Required work:
Retype the lines from the one containing "3 Nkuku Veeta" through the last line of the entries below, exactly and in full, omitting every image.

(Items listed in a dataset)
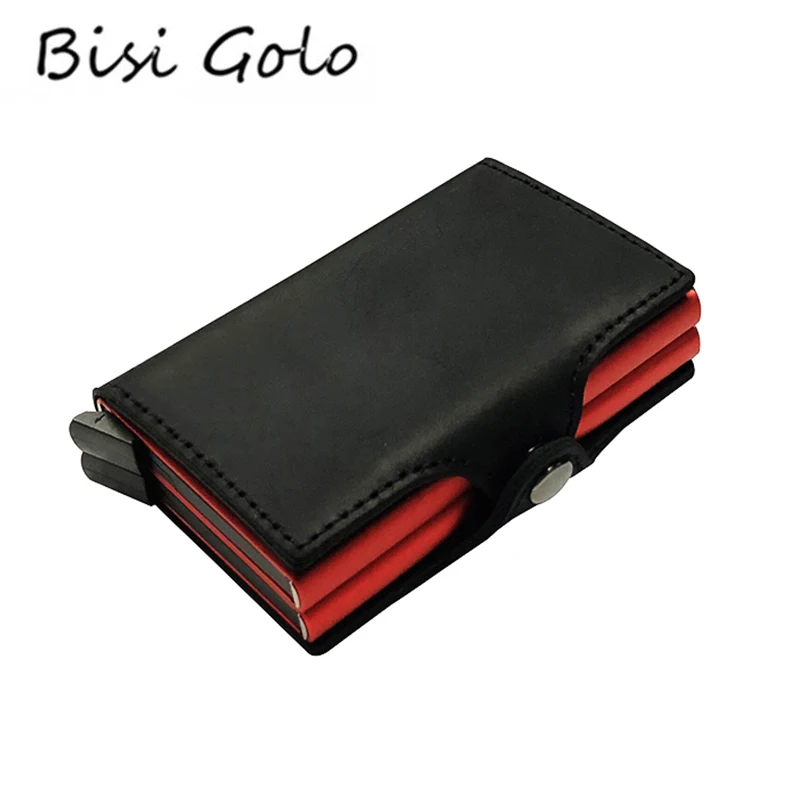 

BISI GORO Business RFID Card Holder Women Men Genuine Leather Metal Wallet Case Card ID Holders New RFID Automatic Credit Wallet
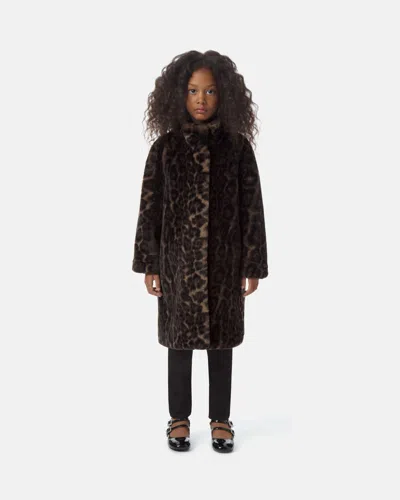 Apparis Blair Leopard Kids Coat In Dark Leopard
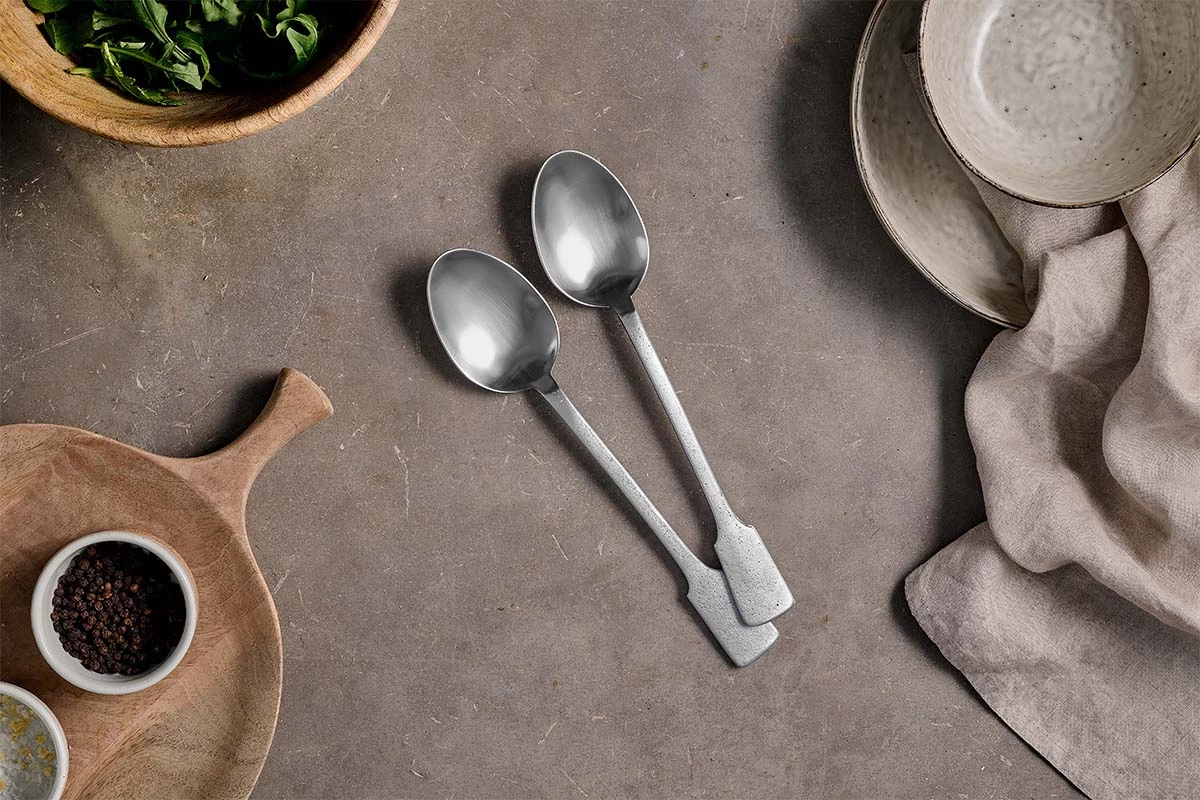 Nkuku Veeta Serving Spoon Set - Brushed Silver (Set Of 2) 3 Nkuku Veeta Serving Spoon Set - Brushed Silver (Set Of 2)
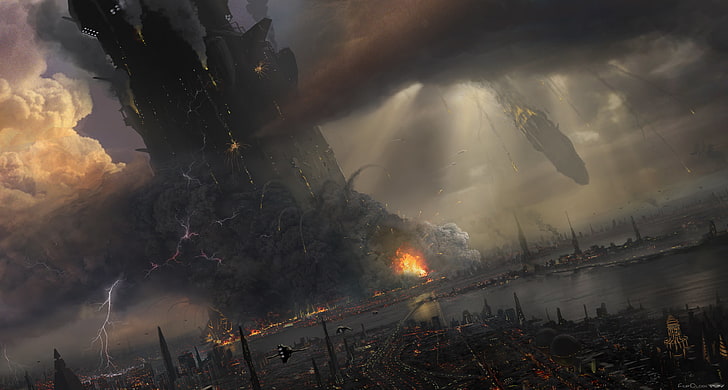 fondo de pantalla del juego de buque de guerra, la explosión, la ciudad, futuro, ficción, arte, ciencia ficción, Fondo de pantalla HD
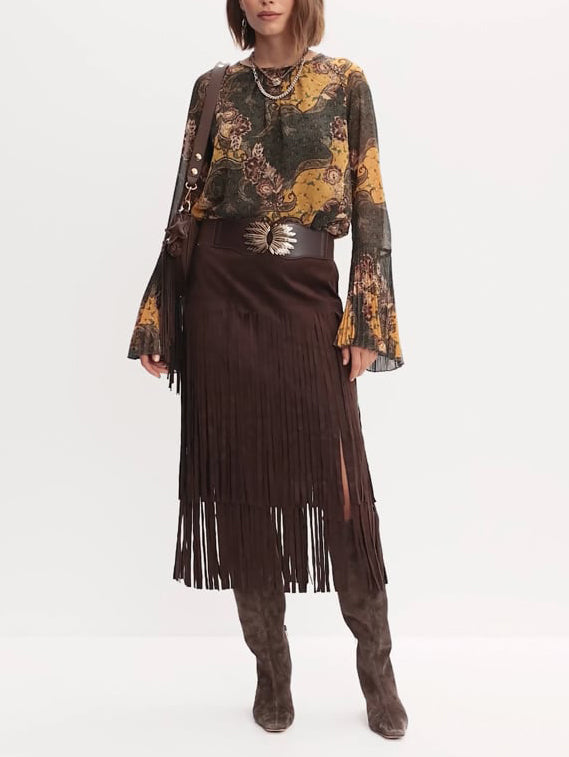 Retro Paisley Print Bell-sleeve Shirt Two-piece Set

Worked solution:
 Nkuku Veeta Serving Spoon Set - Brushed Silver (Set Of 2) 3 Nkuku Veeta Serving Spoon Set - Brushed Silver (Set Of 2)
 fondo de pantalla del juego de buque de guerra, la explosión, la ciudad, futuro, ficción, arte, ciencia ficción, Fondo de pantalla HD
 Retro Paisley Print Bell-sleeve Shirt Two-piece Set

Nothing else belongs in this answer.